I just had about a fifteen minute conversation with this bird. I was sitting on the couch on our back porch, drinking coffee: my daily routine. The bird came up to investigate me, puzzled over me for a minute or so, and then went off to terrorize the finches who’d gathered around the pile of sunflower seeds I put out every morning. This is a cactus wren, Campylorhynchus brunneicapillus, the largest wren in North America and a common bird in the desert. Even if you don’t see them, you hear them:
I’ve stuck to gender-indeterminate pronouns throughout because I’m not expert enough to determine its sex, given that cactus wrens have little sexual dimorphism. Males sing to announce their territory. They make excellent alarm clocks when you’re camping, and they start about 5:45 a.m. in the summer.
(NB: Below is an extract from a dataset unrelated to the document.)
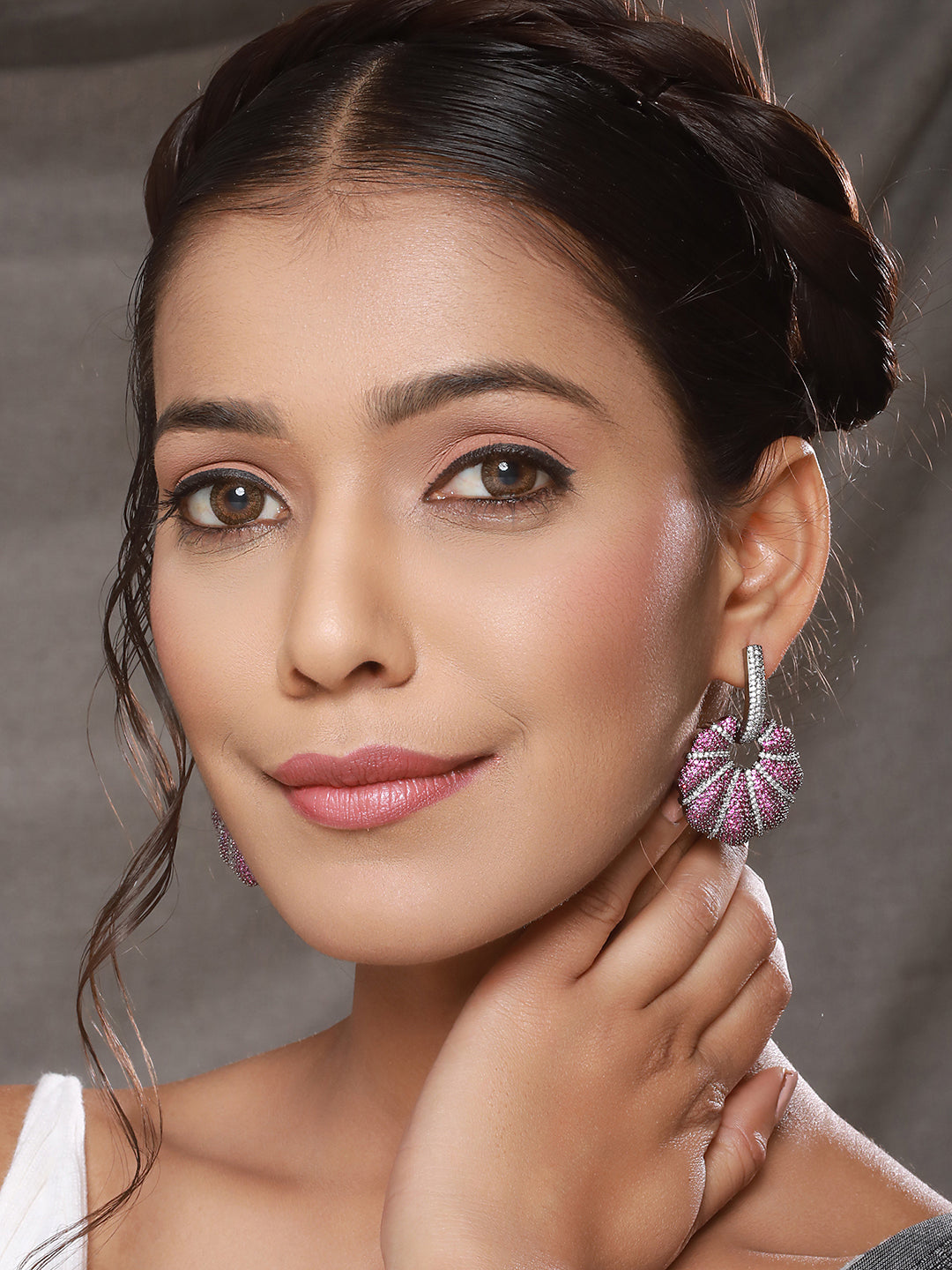 Silver Toned Red AD Studded Designer Luxe Floral Chandelier Hoop Earrings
This one didn’t sing at me, so I have absence of evidence.
As I typed that last sentence, a cactus wren out in the yard sang for about 10 seconds. Not sure it’s the same one.
Cactus wrens are pretty engaging. They’re nervy and unafraid, inquisitive, even aggressive at times. This wren is the only one in the yard who’ll challenge the resident scrub jays over territory. That’s just attitude: the jays are there for the sunflower seed, and the wren doesn’t care for them much. Smaller seeds, insects, and occasional beaksful of fruit make up its diet. Our landlord planted a peach tree some years ago, and there were cactus wrens among the birds that attacked the ripening fruit.
The cactus wren’s song says “home” to me, the way Stellers’ jays’ squawk did when I lived in the Bay Area, and I smile when I notice it. It’s not my favorite wren song, though. The one I like best is that of the cactus wren’s smaller, shyer cousin the canyon wren Catherpes mexicanus:
I hear that song and no matter where I am, it’s the most beautiful place in the world.